Ein Aus der Kaserne, das mag sich Franz Ott, Vorgänger von Peter Rainer im Amt des Bürgermeisters erst gar nicht ausmalen. Schließlich gebe es seit Gründung der Kaserne 1957 durchweg eine sehr enge Verbindung zwischen Soldaten und Bevölkerung.
"Es würde ein Stück unserer Dorfgemeinschaft wegbrechen", sagt Ott und erzählt, dass es im Laufe eines Jahres rund 50 Veranstaltungen gibt, an denen Soldaten und Bevölkerung gemeinsam teilnehmen. Das Highlight des Jahres, das traditionelle Oktoberfest in der Oberschwabenkaserne, zieht jedes Jahr bis zu 2000 Gäste auf das 28 Hektar große Kasernengelände. Selbst der Neujahrsempfang der beiden Kasernen-Gemeinden Hohentengen und Mengen findet dort statt. Die Politik sei gut beraten, Standorte dort zu schließen, wo sie weniger integriert seien als hier, sagen denn auch die meisten am Ort.
Kritik an Lokalpolitik
Nur Gemeinderat Rudolf Fischer (Freie Wähler) sagt etwas anderes. Die Lokalpolitik habe es versäumt, nach vorne zu schauen und neue Ideen und Alternativen zur Abhängigkeit von der Kaserne zu entwickeln, sagt Fischer. "In der Kaserne wird nichts produziert, zumindest nichts Sinnvolles produziert", provoziert er den Widerstand seiner Mitbürger. Es werde ausgebildet und damit hänge man an den Geldtöpfen, die vom Bund ausgehen. "Ich denke, dass andere Projekte vielleicht eher auf eigenen Füßen stehen könnten, sei es der touristische Bereich, der Menschen in die Gegend locken könnte und den Leuten vor Ort neue Erwerbsmöglichkeiten bieten könnte."
Dass Tourismus und militärische Tradition bestens zusammenpassen, das beweisen die Mitglieder der Mengener Bürgerwache. Der Brauchtumsverein hält durch Kostüme und Schwarzpulver-Gewehre die 750-jährige Militärtradition in den beiden Kasernenorten wach. Auf die Bundeswehr verzichten, das wollen auch die Mitglieder der Bürgerwehr nicht. "Nirgends wird die Bundeswehr so hofiert wie hier", sagt denn auch Georg Bacher. Der Metallbau-Handwerker ist in seiner Freizeit Hauptmann der Bürgerwache Mengen.

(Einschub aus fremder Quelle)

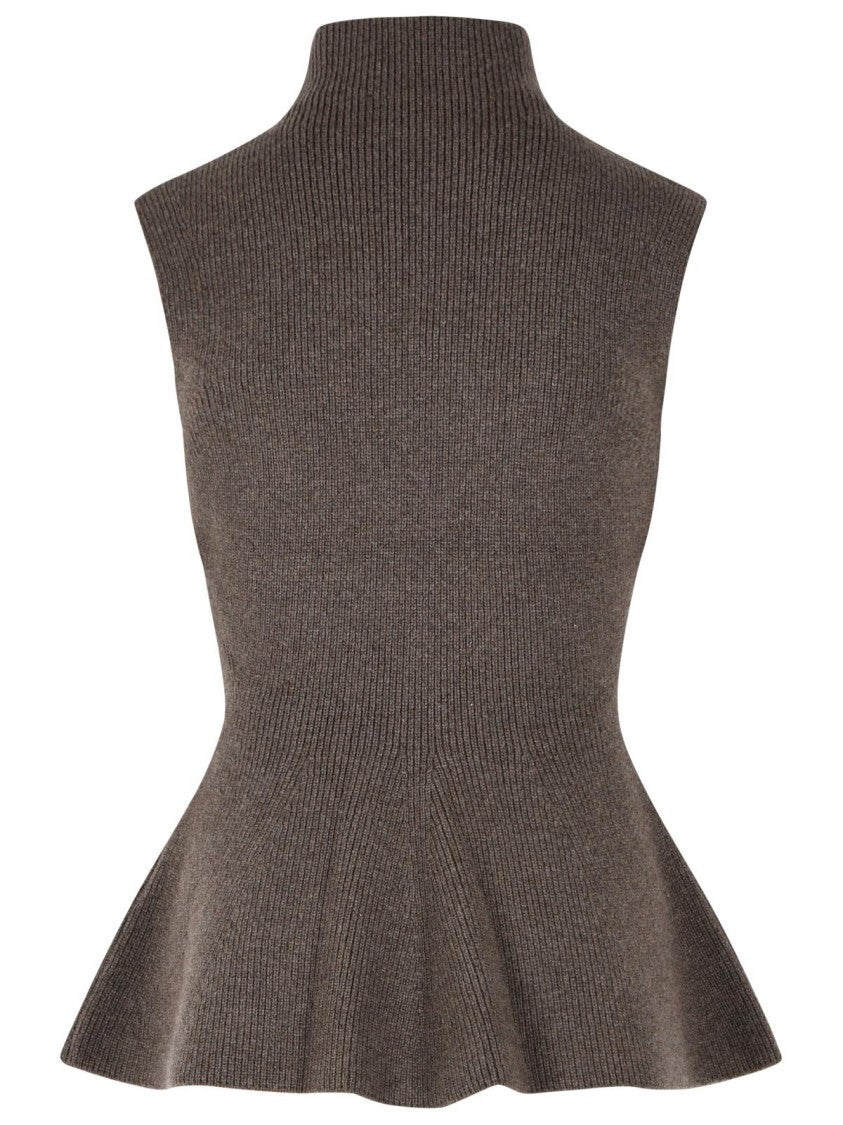 Róhe 'Sculptural' Brown Wool And Cashmere Blend Vest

Selbst für den Fall, dass die Bundeswehr abzieht, verspricht Georg Bacher, die militärischen Traditionen am Ort weiter zu pflegen. Für den Hohentengener Bürgermeister Peter Rainer ist dies allerdings nur ein schwacher Trost. Denn alle Zukunftsszenarien, die er für seinen Ort durchspielt, hat er mit der Kaserne konzipiert. Trotzdem ist er irgendwie froh, dass das lange Warten auf eine Entscheidung für oder gegen die Kaserne bald ein Ende hat. Danach wird er in seinem Büro einen neuen Aktenordner anlegen. Welche Aufschrift dieser neue Ordner tragen, das vermag er heute allerdings noch nicht zu sagen.